Vietnam日本では2002年の「バイオマス・ニッポン総合戦略」を受けてさまざまな事業が実施されてきたが、普及への道のりはまだ遠い。ネックとなっているのは技術よりもバイオマスの運搬費などの経済性の面だ。そのような中で、東京大学生産技術研究所の迫田章義教授はベトナムを研究のフィールドに選び、バイオマスタウンの社会実装ためのモデル構築を行い、技術協力と現地との共同研究開発を進めている。

ベトナムでバイオマスタウン構想に取り組む意義

迫田教授がめざすのはバイオマスタウン、すなわち、地産地消型のエネルギー循環システムをつくることであり、巨大なバイオ燃料プラントを建設することではない。経済成長が著しいベトナムでは、電力需要の増加に伴い、電力と一次エネルギーの安定供給が課題となっている。そうした中で、人口の約7割を占める農村部では都市部との経済格差が生まれており、エネルギーの確保が地域住民の生活向上につながる。
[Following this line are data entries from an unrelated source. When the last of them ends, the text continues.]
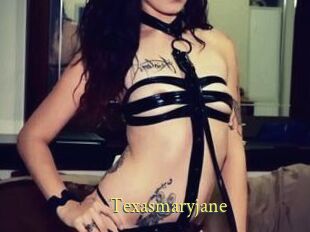 Texasmaryjane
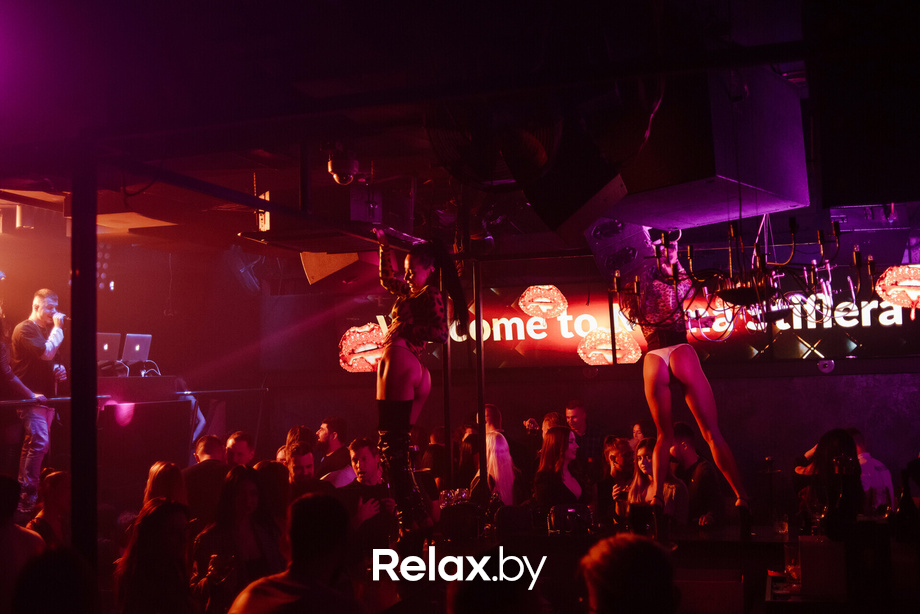 Friday «Terrarium», фото № 46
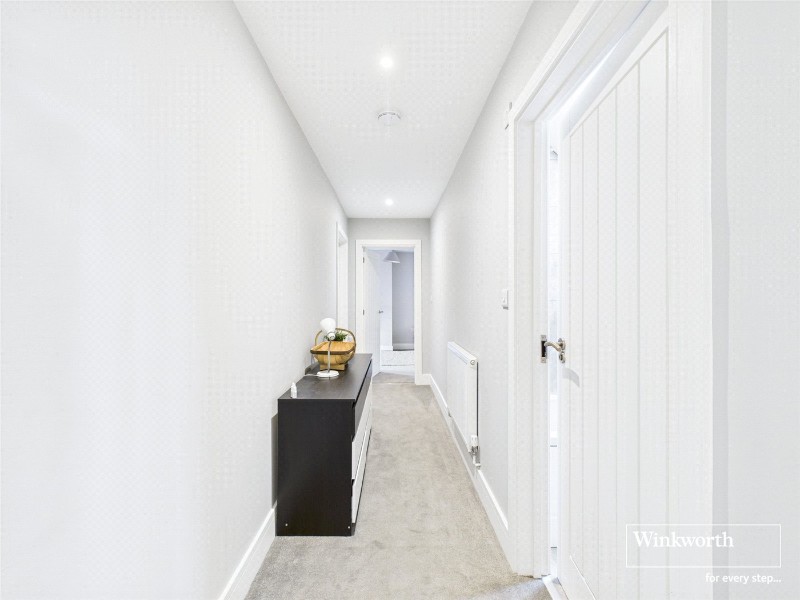 James Farm, James Lane, Grazeley Green, Reading, RG7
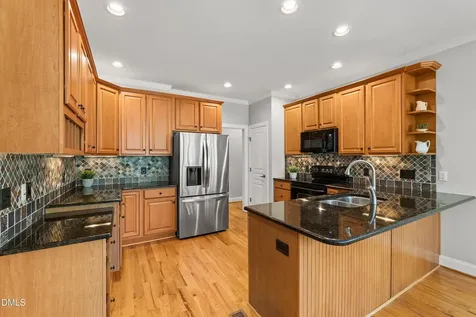 1224 Sky Hill Place Wake Forest NC 27587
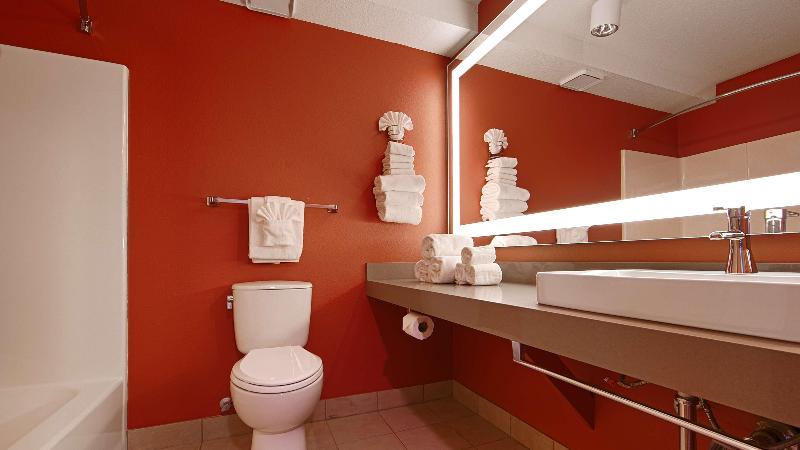 هتل Extended Stay America Premier Suites   Portland   North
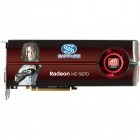 Sapphire Radeon HD5870 1GB GDDR5 256-bit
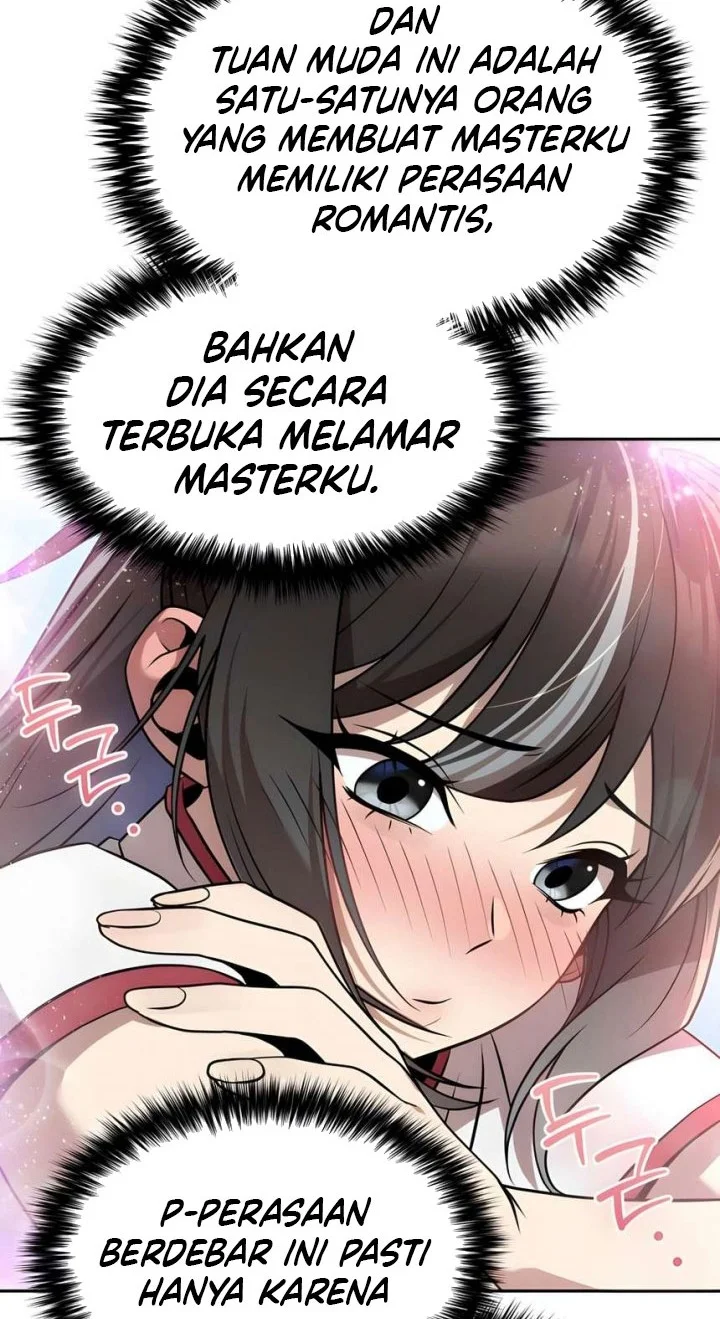 The Second Eunuch Regains His Manhood Chapter 64 Gambar 22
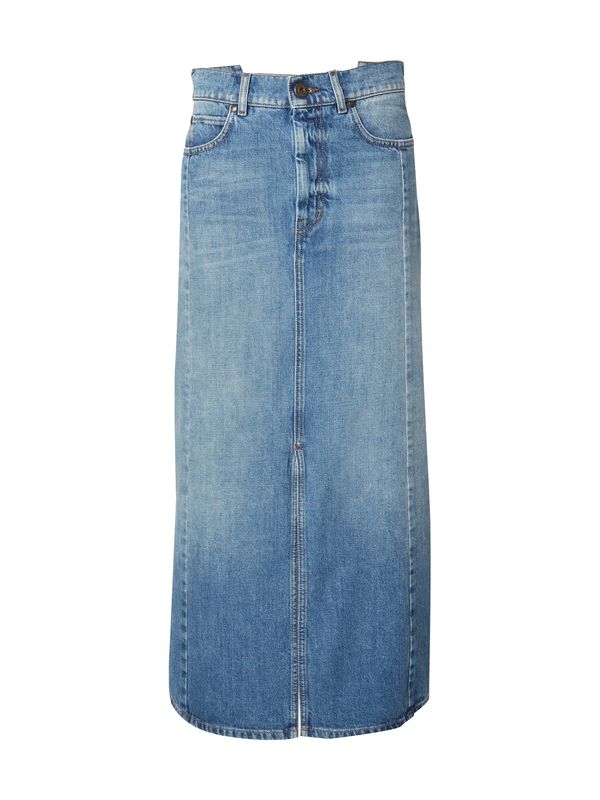 Weekend Max Mara Weekend Max Mara Krilo 'GESSO'  moder denim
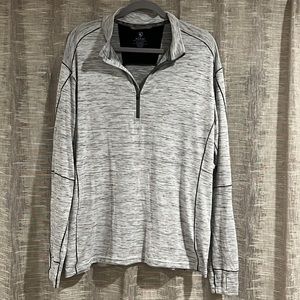 KUHL 1/2 ZIP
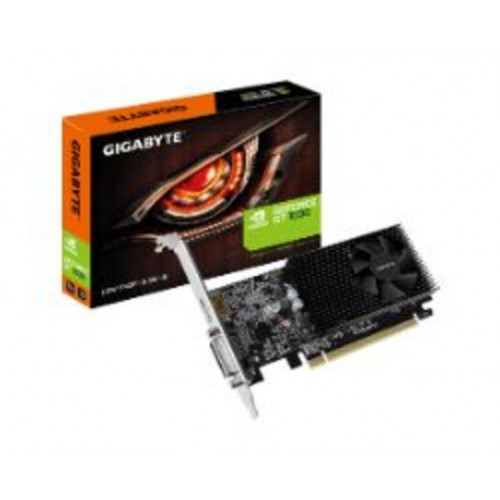 GIGABYTE GeForce GT 1030 2GB GDDR4...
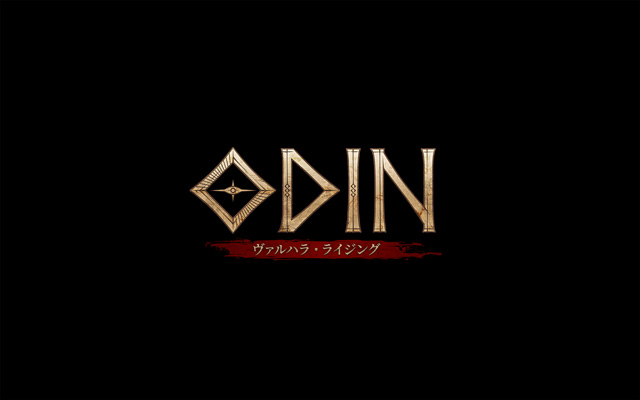 ODIN: Valhala Rising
そのため、農村部でバイオマスタウンを構築する意義は大きい。日本で培ったバイオ燃料に関する研究成果を活かす場があるのだ。

現地との連携で社会実装を目指す

とはいえ、日本の先端技術をそのまま現地にあてはめようとしても、費用の面で逆に実用化を妨げる要因となりうる。プロジェクト開始にあたり、日本国内で連携のあった農学・バイオ・工学三者の専門家と、現地の研究機関や行政がタッグを組んだ強固な体制を築き上げた。この研究チームでは、バイオエタノールの分離精製に用いる吸着剤に、現地で入手が容易で安価な竹炭を使用するなど、あくまで現地に最適化された技術開発を心がけてきた。また、当然のことながら社会実装には住民の理解と協力が欠かせない。事業のメリットとして「CO2排出量削減」などの社会貢献的な点をあげても現地住民には響かない。「出稼ぎが不要になる」など、生活がどう向上するのかを具体的に話すことが大切なのだ。

見えてきたバイオマスタウン実現のかたち

現実的なバイオマスタウンのあり方について、迫田教授は次のように語ってくれた。「もともと伝統農業は持続可能なものです。その健全な物質循環を維持しつつ、増加するエネルギー需要を補うものとしてバイオマスエネルギーを活用することが大切です」。農業のかたちを変えるのではなく、既存の仕組みのなかにバイオマスエネルギーの居場所をつくるのだ。こうした知見が、ベトナムはもちろん、他の東南アジア諸国でも活かされていくに違いない。